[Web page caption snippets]
····················
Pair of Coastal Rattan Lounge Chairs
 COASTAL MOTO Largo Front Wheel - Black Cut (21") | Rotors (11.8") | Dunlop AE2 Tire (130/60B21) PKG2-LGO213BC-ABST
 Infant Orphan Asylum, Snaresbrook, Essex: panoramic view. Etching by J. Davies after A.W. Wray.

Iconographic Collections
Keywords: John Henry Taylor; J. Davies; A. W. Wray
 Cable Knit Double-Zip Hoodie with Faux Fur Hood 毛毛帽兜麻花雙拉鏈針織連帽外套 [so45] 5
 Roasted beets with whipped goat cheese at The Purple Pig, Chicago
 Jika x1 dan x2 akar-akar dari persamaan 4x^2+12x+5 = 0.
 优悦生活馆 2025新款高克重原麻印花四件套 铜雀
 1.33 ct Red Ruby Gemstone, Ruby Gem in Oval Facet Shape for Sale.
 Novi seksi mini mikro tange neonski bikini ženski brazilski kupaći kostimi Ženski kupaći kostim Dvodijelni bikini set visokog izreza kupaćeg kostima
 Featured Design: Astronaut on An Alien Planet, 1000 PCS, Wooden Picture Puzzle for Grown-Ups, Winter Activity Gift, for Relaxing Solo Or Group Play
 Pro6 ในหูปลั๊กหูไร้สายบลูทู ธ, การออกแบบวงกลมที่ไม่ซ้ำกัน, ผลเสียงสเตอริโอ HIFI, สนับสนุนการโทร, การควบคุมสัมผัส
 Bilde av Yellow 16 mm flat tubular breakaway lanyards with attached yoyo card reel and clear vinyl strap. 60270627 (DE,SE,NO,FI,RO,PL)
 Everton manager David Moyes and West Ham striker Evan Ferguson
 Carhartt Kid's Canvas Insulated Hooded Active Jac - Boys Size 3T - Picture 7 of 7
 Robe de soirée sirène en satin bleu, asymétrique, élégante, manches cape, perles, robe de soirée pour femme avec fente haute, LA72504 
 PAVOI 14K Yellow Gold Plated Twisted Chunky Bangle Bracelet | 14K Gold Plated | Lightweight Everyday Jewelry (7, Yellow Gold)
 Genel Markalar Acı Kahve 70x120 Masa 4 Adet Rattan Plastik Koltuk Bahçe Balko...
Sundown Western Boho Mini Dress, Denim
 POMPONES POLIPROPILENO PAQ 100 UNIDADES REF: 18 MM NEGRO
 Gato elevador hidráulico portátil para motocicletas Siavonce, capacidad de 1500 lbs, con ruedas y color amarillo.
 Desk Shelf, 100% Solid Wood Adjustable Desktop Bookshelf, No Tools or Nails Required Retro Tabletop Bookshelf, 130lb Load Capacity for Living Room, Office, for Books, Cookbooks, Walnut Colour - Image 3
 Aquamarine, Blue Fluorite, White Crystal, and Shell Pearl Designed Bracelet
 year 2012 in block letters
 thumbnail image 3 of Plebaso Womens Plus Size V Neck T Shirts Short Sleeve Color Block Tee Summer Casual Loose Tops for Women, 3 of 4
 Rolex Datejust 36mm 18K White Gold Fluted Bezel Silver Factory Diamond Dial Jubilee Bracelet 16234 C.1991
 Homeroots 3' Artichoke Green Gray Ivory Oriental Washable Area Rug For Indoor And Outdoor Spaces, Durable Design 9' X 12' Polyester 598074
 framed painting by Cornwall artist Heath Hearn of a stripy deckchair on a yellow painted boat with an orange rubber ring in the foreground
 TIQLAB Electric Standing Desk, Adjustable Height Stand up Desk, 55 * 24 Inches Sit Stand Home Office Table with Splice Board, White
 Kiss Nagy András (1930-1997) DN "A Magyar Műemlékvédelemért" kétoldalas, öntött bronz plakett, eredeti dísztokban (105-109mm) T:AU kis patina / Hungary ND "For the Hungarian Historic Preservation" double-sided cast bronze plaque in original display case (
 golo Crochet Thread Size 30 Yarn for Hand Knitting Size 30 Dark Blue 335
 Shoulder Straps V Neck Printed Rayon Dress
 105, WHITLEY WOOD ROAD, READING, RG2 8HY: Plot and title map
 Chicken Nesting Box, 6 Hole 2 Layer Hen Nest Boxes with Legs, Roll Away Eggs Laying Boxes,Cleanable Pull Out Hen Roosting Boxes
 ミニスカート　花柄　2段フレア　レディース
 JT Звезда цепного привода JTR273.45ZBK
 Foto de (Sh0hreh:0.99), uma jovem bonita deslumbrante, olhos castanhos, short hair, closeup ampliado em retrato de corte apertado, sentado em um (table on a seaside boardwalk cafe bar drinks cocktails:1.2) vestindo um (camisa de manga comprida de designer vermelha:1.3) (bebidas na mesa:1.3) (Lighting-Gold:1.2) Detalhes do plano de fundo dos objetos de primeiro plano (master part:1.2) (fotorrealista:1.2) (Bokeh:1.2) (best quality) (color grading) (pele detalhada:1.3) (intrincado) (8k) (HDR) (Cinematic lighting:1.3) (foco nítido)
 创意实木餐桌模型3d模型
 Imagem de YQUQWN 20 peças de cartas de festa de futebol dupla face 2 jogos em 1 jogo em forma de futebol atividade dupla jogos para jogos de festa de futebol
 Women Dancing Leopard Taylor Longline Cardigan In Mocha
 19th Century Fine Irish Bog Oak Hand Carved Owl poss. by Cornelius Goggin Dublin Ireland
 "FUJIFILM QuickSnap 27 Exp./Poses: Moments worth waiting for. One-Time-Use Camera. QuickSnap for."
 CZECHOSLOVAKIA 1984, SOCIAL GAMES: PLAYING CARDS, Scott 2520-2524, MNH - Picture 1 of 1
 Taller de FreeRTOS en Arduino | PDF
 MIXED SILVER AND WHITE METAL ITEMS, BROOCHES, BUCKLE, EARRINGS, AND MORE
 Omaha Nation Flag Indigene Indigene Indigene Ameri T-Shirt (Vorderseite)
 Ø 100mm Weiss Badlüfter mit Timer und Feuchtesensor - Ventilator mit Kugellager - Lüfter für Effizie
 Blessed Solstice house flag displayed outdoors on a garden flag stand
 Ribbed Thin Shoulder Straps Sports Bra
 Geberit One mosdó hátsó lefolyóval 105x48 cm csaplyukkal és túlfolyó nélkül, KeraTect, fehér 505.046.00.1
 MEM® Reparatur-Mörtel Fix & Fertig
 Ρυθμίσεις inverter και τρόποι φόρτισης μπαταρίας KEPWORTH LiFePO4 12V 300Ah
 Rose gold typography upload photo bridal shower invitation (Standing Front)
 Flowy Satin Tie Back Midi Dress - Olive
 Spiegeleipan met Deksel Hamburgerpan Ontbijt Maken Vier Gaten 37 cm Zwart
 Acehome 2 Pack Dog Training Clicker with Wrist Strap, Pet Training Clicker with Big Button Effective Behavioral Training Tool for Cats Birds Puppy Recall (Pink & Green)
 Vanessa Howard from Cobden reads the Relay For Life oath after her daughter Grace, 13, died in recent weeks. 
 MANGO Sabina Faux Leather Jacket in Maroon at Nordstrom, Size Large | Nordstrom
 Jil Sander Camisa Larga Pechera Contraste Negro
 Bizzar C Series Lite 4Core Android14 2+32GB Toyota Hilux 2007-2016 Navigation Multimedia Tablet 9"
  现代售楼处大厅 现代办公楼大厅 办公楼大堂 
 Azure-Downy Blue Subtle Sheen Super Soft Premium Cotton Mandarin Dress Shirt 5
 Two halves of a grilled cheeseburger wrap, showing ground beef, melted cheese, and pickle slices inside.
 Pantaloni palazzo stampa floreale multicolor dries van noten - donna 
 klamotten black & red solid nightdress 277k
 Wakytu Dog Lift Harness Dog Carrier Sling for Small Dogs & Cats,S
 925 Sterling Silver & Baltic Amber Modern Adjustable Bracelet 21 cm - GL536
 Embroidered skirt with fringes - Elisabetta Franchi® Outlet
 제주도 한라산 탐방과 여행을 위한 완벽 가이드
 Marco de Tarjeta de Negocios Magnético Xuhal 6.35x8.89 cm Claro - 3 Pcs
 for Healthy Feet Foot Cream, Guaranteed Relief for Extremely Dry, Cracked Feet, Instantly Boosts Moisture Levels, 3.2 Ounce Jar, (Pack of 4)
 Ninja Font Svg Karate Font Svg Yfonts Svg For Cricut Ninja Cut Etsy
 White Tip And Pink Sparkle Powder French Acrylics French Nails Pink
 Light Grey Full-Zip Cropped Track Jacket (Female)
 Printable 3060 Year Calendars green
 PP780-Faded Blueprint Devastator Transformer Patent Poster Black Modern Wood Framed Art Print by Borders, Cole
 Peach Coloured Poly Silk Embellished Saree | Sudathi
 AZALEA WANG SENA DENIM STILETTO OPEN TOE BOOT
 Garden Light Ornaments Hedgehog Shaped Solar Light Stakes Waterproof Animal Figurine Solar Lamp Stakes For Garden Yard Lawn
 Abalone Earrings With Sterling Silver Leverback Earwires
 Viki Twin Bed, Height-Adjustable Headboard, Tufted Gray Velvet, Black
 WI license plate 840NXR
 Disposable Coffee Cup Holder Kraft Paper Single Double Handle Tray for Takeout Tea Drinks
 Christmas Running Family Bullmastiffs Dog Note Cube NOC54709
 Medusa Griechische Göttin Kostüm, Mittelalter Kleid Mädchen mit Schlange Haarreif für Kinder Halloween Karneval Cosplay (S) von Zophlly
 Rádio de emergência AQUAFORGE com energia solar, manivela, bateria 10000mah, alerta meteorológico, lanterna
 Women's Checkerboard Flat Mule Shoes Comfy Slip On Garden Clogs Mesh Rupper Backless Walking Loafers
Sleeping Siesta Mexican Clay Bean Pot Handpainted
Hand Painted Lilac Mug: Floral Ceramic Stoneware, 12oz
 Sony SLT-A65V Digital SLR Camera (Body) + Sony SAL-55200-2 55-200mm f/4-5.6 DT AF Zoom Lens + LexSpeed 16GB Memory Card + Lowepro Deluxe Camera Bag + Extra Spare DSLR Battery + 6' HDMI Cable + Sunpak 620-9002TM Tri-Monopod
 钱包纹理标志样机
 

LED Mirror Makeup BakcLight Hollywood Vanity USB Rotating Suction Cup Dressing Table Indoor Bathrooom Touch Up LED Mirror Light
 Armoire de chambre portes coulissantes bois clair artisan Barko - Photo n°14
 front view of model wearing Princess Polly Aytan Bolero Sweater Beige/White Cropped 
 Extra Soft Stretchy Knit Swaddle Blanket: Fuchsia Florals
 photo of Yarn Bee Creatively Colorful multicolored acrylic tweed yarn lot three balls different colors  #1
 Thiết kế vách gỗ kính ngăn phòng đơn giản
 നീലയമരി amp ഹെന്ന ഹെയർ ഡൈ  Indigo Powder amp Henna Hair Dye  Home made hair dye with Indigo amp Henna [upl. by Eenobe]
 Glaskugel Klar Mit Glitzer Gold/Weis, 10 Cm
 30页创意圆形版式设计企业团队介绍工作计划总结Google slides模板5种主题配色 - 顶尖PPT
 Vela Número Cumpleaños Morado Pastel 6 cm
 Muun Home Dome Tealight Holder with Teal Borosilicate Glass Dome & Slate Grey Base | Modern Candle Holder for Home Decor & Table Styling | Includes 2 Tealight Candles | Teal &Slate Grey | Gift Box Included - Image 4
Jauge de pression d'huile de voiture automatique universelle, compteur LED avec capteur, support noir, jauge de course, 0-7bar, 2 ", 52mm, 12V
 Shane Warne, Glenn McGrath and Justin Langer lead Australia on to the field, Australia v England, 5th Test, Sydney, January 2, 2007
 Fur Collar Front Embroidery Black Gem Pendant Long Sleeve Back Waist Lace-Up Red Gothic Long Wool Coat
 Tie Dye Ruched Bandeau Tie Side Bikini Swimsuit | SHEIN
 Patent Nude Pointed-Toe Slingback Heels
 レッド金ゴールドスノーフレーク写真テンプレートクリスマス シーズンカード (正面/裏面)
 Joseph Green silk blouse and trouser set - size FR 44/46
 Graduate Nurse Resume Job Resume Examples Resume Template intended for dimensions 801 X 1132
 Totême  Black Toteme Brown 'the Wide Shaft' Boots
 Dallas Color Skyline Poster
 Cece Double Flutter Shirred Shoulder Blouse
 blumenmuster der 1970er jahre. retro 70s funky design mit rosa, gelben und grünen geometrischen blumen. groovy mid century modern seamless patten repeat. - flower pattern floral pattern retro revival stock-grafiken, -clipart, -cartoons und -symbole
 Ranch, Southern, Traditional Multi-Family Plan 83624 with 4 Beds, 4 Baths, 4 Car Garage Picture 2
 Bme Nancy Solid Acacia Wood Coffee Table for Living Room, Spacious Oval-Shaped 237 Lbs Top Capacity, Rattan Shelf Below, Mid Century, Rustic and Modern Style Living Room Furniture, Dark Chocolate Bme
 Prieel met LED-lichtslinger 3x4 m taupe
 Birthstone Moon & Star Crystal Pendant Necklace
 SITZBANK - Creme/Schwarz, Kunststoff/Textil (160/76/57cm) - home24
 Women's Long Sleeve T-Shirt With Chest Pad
····················
When a line in the records above contains the word "Gift", copy it.

 Featured Design: Astronaut on An Alien Planet, 1000 PCS, Wooden Picture Puzzle for Grown-Ups, Winter Activity Gift, for Relaxing Solo Or Group Play
 Muun Home Dome Tealight Holder with Teal Borosilicate Glass Dome & Slate Grey Base | Modern Candle Holder for Home Decor & Table Styling | Includes 2 Tealight Candles | Teal &Slate Grey | Gift Box Included - Image 4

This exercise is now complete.